Joyce attended high school in Toledo and college at Bowling Green (where he played baseball) and then did factory work back in Toledo. He was holding down a job assembling driveshafts on Jeeps when, one day in 1977, he jumped in his car and drove to Florida to attend umpire school. He's not sure exactly why; perhaps it was because his father had worked as an umpire for youth baseball games. "It's the proverbial story of wanting to stay in baseball," he says. "My parents thought I was nuts.
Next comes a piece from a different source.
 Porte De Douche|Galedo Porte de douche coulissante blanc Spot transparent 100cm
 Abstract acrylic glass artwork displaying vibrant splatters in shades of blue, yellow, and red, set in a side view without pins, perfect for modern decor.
They said, 'What kind of living can you make as an umpire?' They were right for 10 years."
After a decade in the minors, he became a full-time big league umpire in 1989, going on to quietly work two All-Star Games and 13 postseason series, including the 2001 World Series (when a Secret Service agent posed as a seventh umpire for the ceremonial first pitch by President Bush before Game 3 at Yankee Stadium) and the classic 2004 American League Championship Series. Joyce worked the plate for the pivotal Game 4, the first step in the Red Sox' comeback from a 3--0 series deficit, calling 416 pitches over five hours, two minutes. "It's my 33rd year in baseball," he says, "and until this week I could walk through an airport and nobody knew who I was."
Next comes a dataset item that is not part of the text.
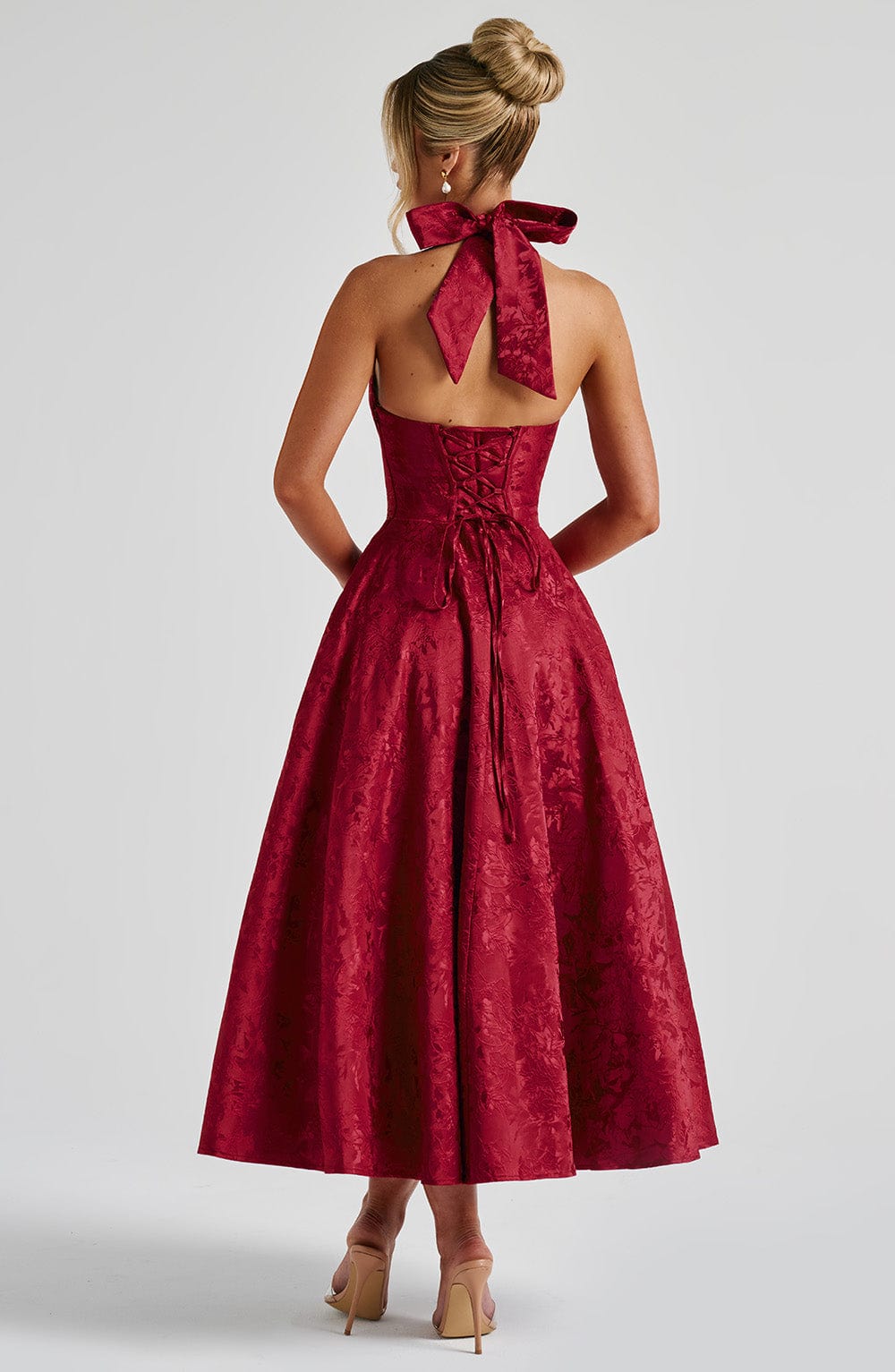 Robe mi-longue Effie - Rouge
Upon seeing a replay on the night of the blown call, Yankees closer Mariano Rivera said, "It happened to the best umpire we have in our game. The best. And a perfect gentleman. Obviously, it was a mistake. It's a shame for both of them, for the pitcher and the umpire. But I'm telling you, [Joyce] is the best baseball has, and a great guy. It's just a shame."
The first thing Joyce had to explain to his mom was the historical significance of a perfect game. She listened and told him, "You just have to forget it."
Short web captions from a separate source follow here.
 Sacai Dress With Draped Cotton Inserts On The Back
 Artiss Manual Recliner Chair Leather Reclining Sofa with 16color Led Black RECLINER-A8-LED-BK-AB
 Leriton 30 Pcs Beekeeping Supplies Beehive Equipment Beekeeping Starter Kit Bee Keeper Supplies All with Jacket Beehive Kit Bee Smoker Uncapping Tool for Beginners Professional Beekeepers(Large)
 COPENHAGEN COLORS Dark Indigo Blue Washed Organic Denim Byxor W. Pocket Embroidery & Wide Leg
"No," Joyce said, "this one is a little hard to just put aside and hope it goes away. I'm going to have to deal with this for awhile."
They stayed up for hours talking about the call, until Ellouise went to bed at 1 a.m. Joyce never did get to sleep—well, perhaps a nap between five and five-thirty in the morning, he says. Soon, though, he realized a new day had dawned. The messages, texts, e-mails and media reports had turned positive, focusing on his courage to quickly admit his mistake and apologize, rather than the call itself.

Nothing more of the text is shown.